Hand back the entries exactly as written, minus every picture.
┄┄┄┄┄┄
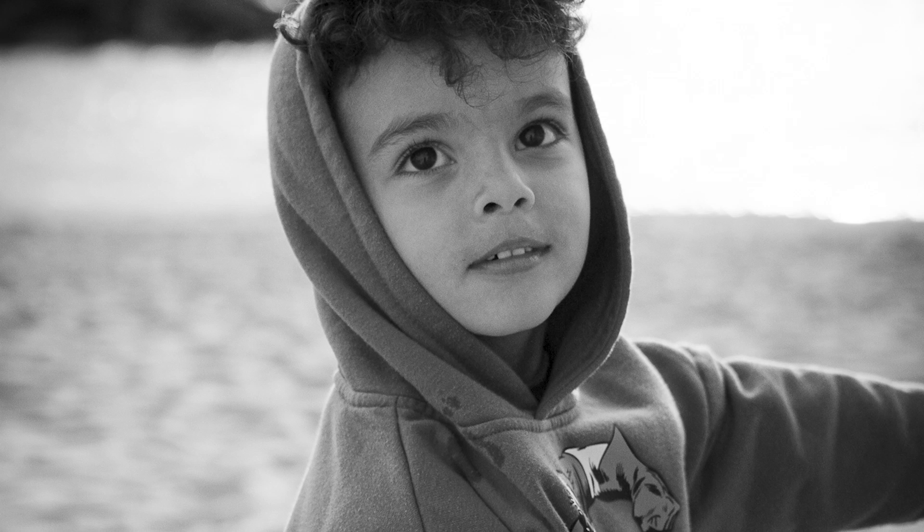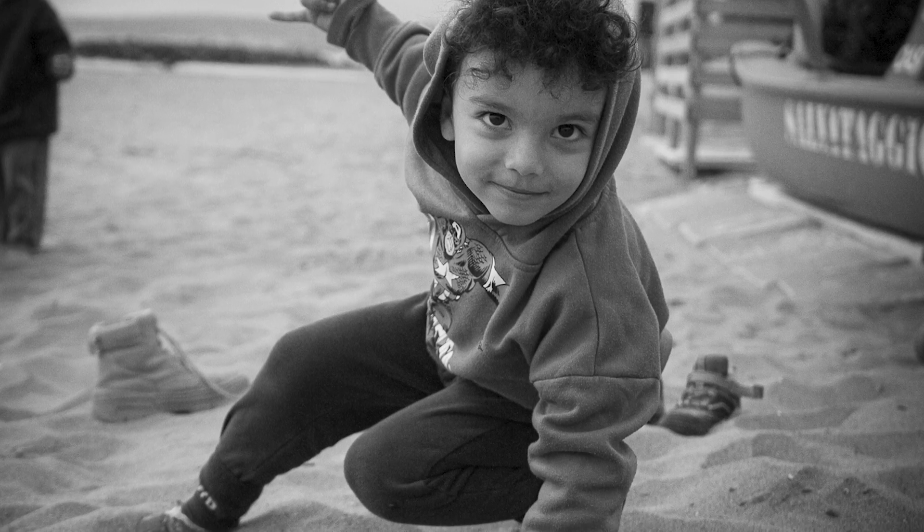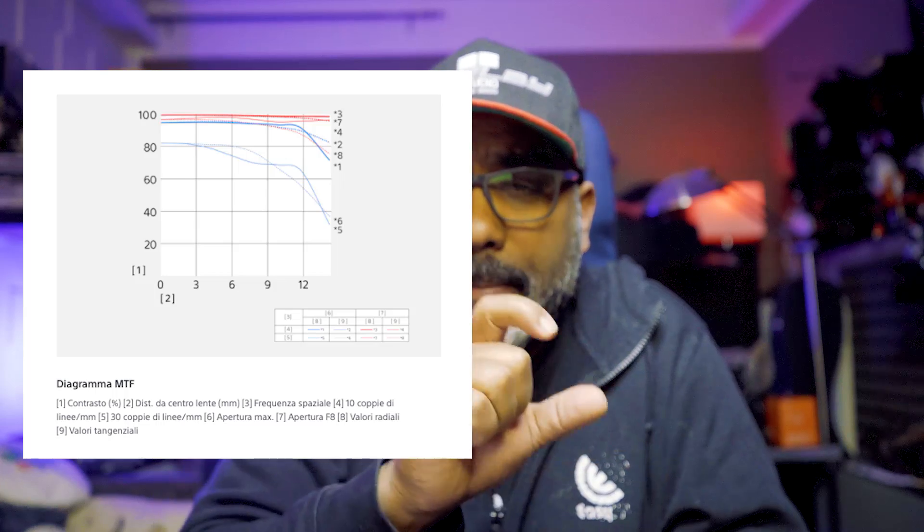Però, se volete spendere poco, divertirvi tanto, avere una profondità di campo con un bokeh meraviglioso — sette lamelle, è un 1.8 — c'è da giocare. Fino a 3.5 è perfetto. Normalmente gli obiettivi così, a ottica fissa, sono molto luminosi ma hanno un po' di aberrazione sulla prima parte dell'apertura, quindi intorno all'1.8-1.4 hanno delle leggere discromie, poi si stabilizzano intorno al 2.8-3.5.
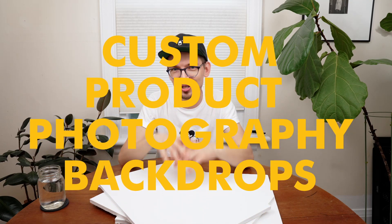Hello. My name is Eugene from Workerby Supply. We're a photography and video production studio here in Toronto. I'm really excited to share this video with you. Today we're going to be doing a small DIY project and making some custom product photography backdrops.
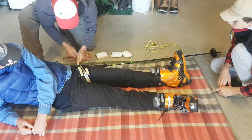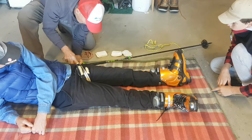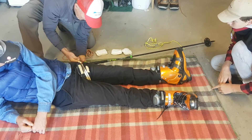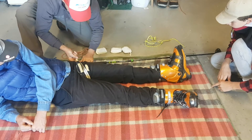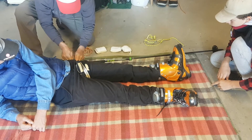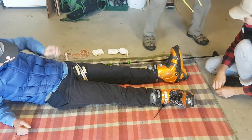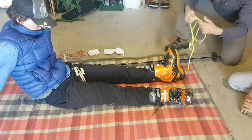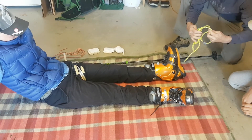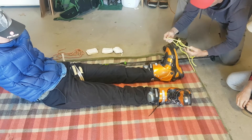We'll tie this off with another clove hitch. We'll put this on down at the feet before we put traction on, because once you put traction on you can't let go — that's very important. Being very gentle here.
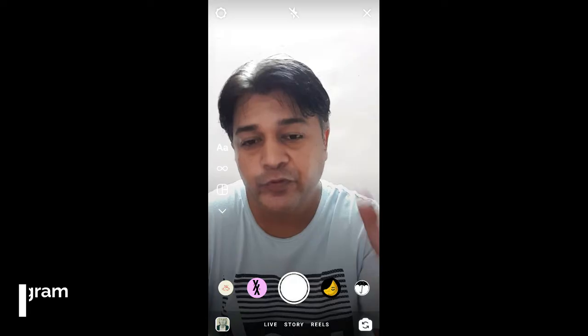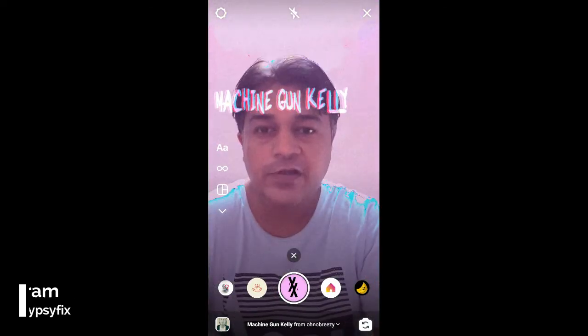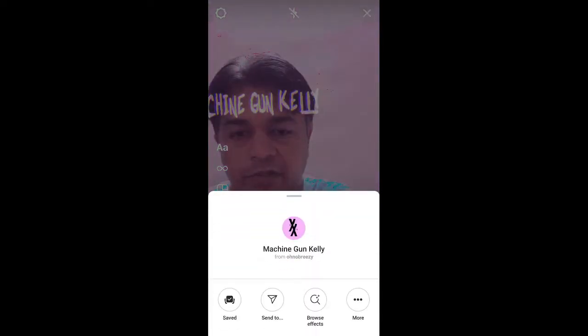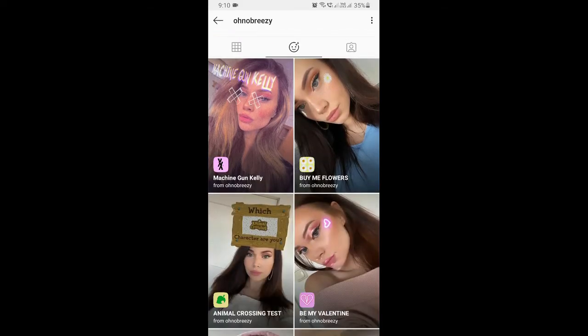Hello guys, what's up! In this quick video I'm going to show you how you can get the Machine Gun Kelly filter on Instagram. This is the filter — to get this effect you can visit the creator profile. Jolene is the creator of this filter; you can follow her to unlock all her filters to your camera tray.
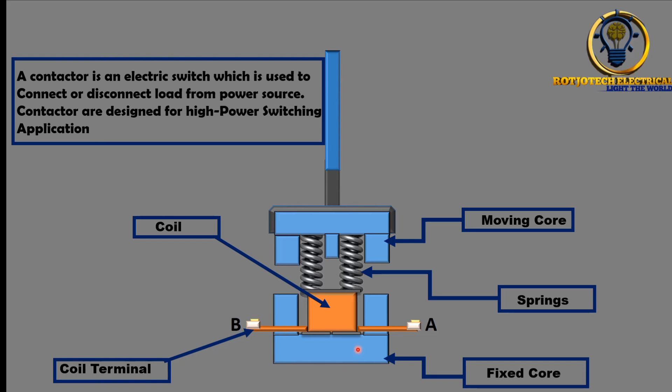What makes that possible is the spring. The spring's job is to push the moving core back up. When the coil is powered, it generates an electromagnetic force. That electromagnetic force attracts the moving core and pushes down the spring to energize the contactor. As soon as power is removed from the coil, the electromagnetic force is gone, and the spring pushes the moving core back up. It's like: you press me down, I press you up — that's how it works.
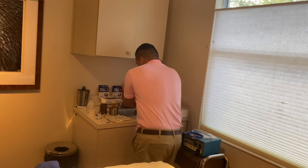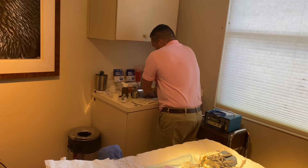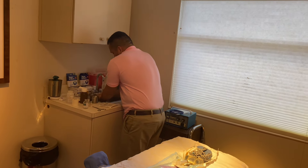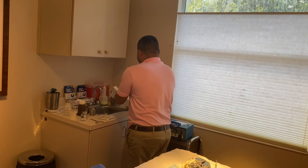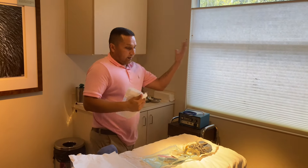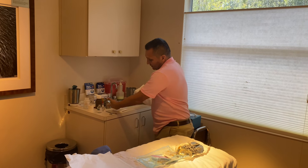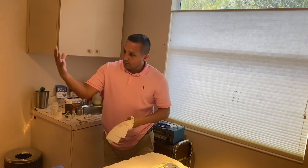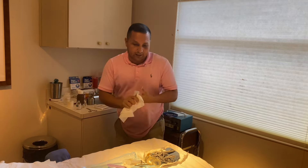Now comes the time where I'm going to set up for the reversal. I need to clean my hands — still have to be sterile. At one point in the video, you'll see that I'll contaminate my left hand. When I contaminate my left hand, it means I break sterility on that hand.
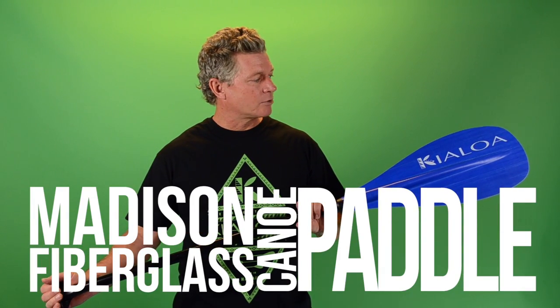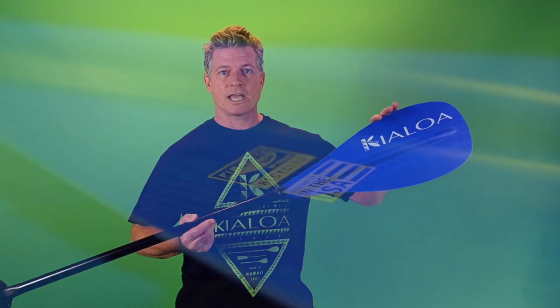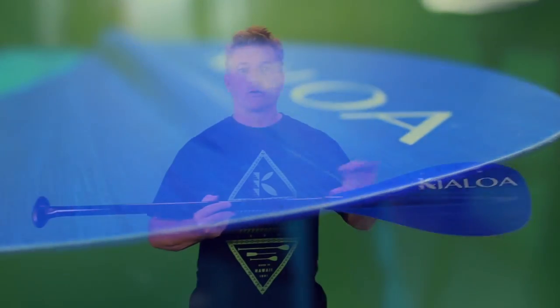What's really great about this paddle is that it is lightweight and durable, and that is a function of the fact that we use a fiber light blade. This is a fiberglass material that is very lightweight and very impact resistant at the same time. So you don't have to worry about hitting a rock with it — no more repairing that wooden canoe blade.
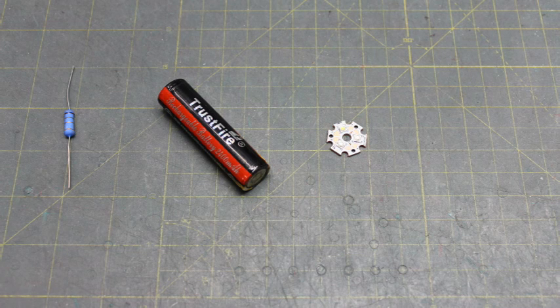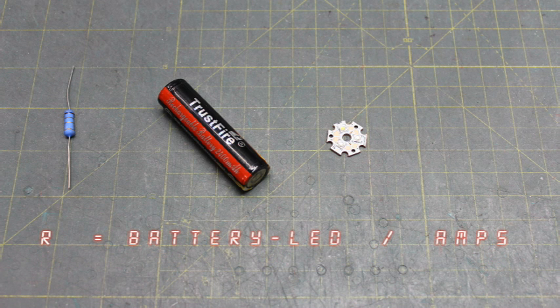The rest of this is super easy. It relies on an equation called Ohm's Law, and it goes like this: R (resistance) equals voltage divided by amps. In our application, it's: resistance equals your battery voltage minus your LED's forward voltage, divided by your maximum amps.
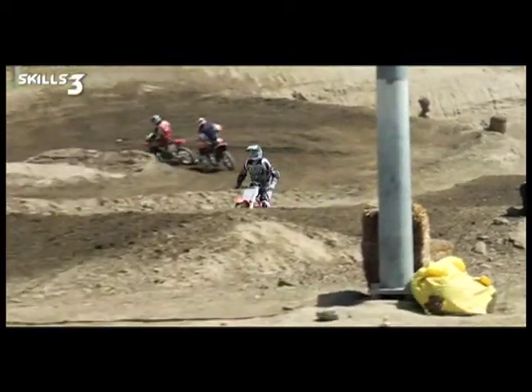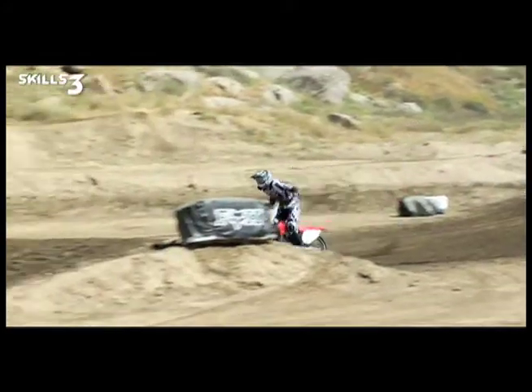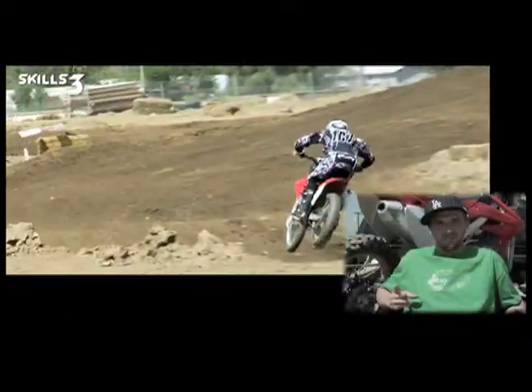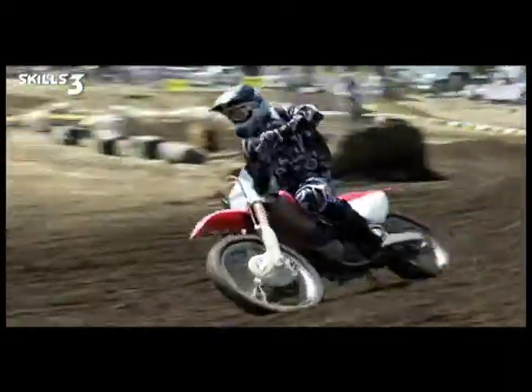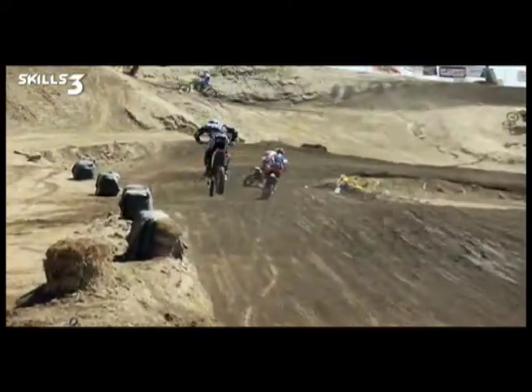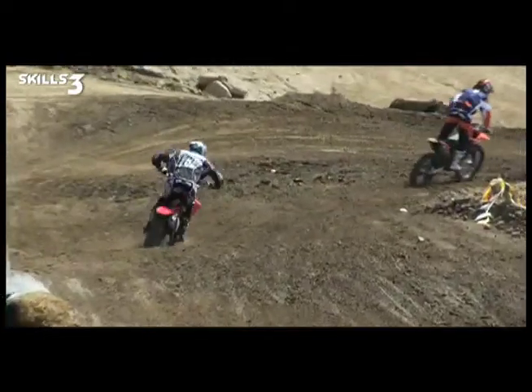On a fast descent, I definitely try and keep my head right over the bars. Squeezing with my knees helps out a lot too — that way the bike's not swapping out. You still got to let the bike work underneath you, but you got to be squeezing at the same time.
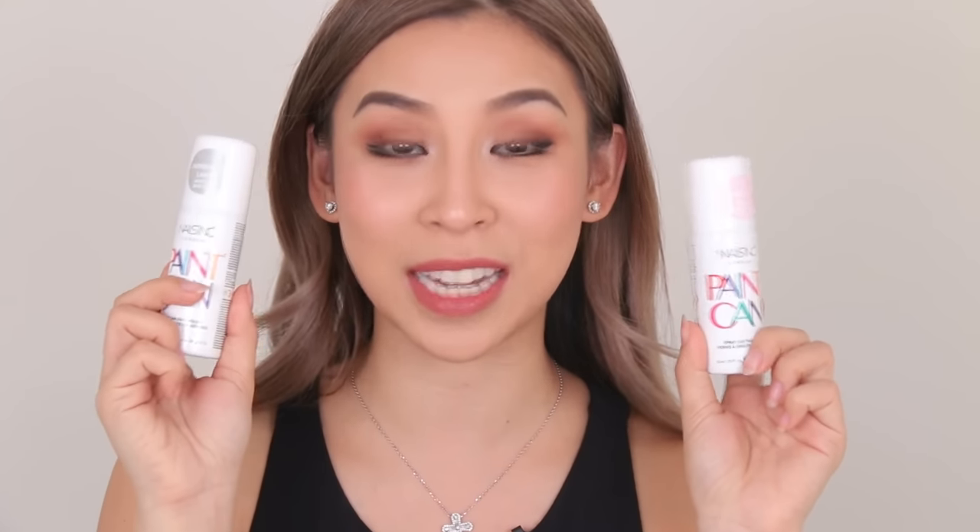Hey guys, it's Tina here. Welcome back to another episode of Tina Tries It. In my previous video where I tried this new lip powder lipstick, I asked you guys at the end what you wanted to see next. A lot of you guys voted and the nail spray definitely wins. So today I'm going to be trying the Nails Ink Paint in the Canned Nail Spray.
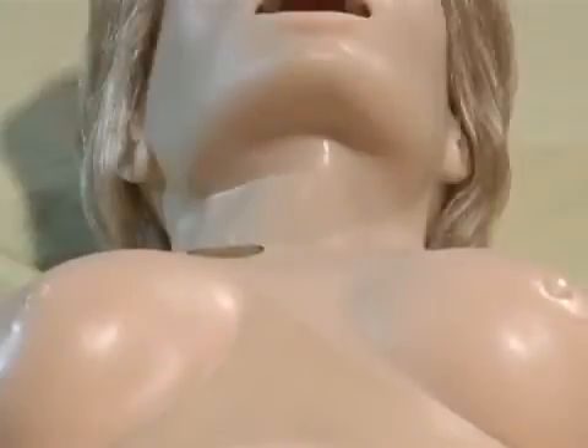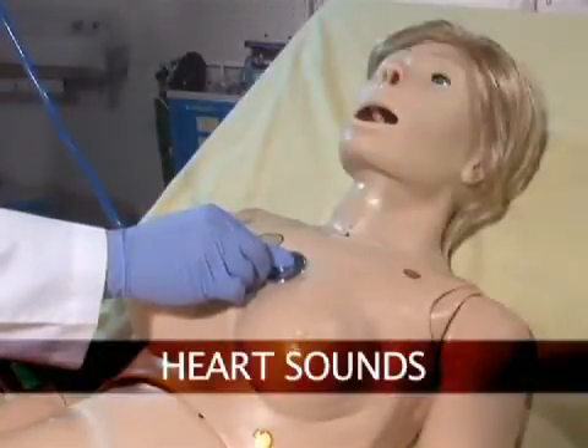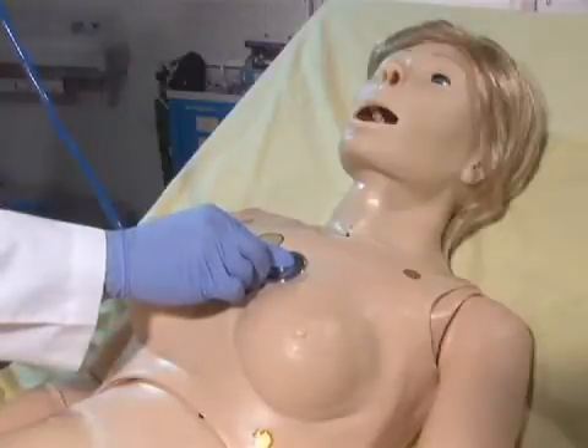Either lung can be disabled at any time to simulate a collapsed lung. Susie is equipped with several realistic heart sounds which are tied to a user-defined heart rate and selectable rhythms.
┄┄┄┄┄┄
→ Written reply:
Però, se volete spendere poco, divertirvi tanto, avere una profondità di campo con un bokeh meraviglioso — sette lamelle, è un 1.8 — c'è da giocare. Fino a 3.5 è perfetto. Normalmente gli obiettivi così, a ottica fissa, sono molto luminosi ma hanno un po' di aberrazione sulla prima parte dell'apertura, quindi intorno all'1.8-1.4 hanno delle leggere discromie, poi si stabilizzano intorno al 2.8-3.5.
Hello. My name is Eugene from Workerby Supply. We're a photography and video production studio here in Toronto. I'm really excited to share this video with you. Today we're going to be doing a small DIY project and making some custom product photography backdrops.
We'll tie this off with another clove hitch. We'll put this on down at the feet before we put traction on, because once you put traction on you can't let go — that's very important. Being very gentle here.
Hello guys, what's up! In this quick video I'm going to show you how you can get the Machine Gun Kelly filter on Instagram. This is the filter — to get this effect you can visit the creator profile. Jolene is the creator of this filter; you can follow her to unlock all her filters to your camera tray.
What makes that possible is the spring. The spring's job is to push the moving core back up. When the coil is powered, it generates an electromagnetic force. That electromagnetic force attracts the moving core and pushes down the spring to energize the contactor. As soon as power is removed from the coil, the electromagnetic force is gone, and the spring pushes the moving core back up. It's like: you press me down, I press you up — that's how it works.
Now comes the time where I'm going to set up for the reversal. I need to clean my hands — still have to be sterile. At one point in the video, you'll see that I'll contaminate my left hand. When I contaminate my left hand, it means I break sterility on that hand.
What's really great about this paddle is that it is lightweight and durable, and that is a function of the fact that we use a fiber light blade. This is a fiberglass material that is very lightweight and very impact resistant at the same time. So you don't have to worry about hitting a rock with it — no more repairing that wooden canoe blade.
The rest of this is super easy. It relies on an equation called Ohm's Law, and it goes like this: R (resistance) equals voltage divided by amps. In our application, it's: resistance equals your battery voltage minus your LED's forward voltage, divided by your maximum amps.
On a fast descent, I definitely try and keep my head right over the bars. Squeezing with my knees helps out a lot too — that way the bike's not swapping out. You still got to let the bike work underneath you, but you got to be squeezing at the same time.
Hey guys, it's Tina here. Welcome back to another episode of Tina Tries It. In my previous video where I tried this new lip powder lipstick, I asked you guys at the end what you wanted to see next. A lot of you guys voted and the nail spray definitely wins. So today I'm going to be trying the Nails Ink Paint in the Canned Nail Spray.
Either lung can be disabled at any time to simulate a collapsed lung. Susie is equipped with several realistic heart sounds which are tied to a user-defined heart rate and selectable rhythms.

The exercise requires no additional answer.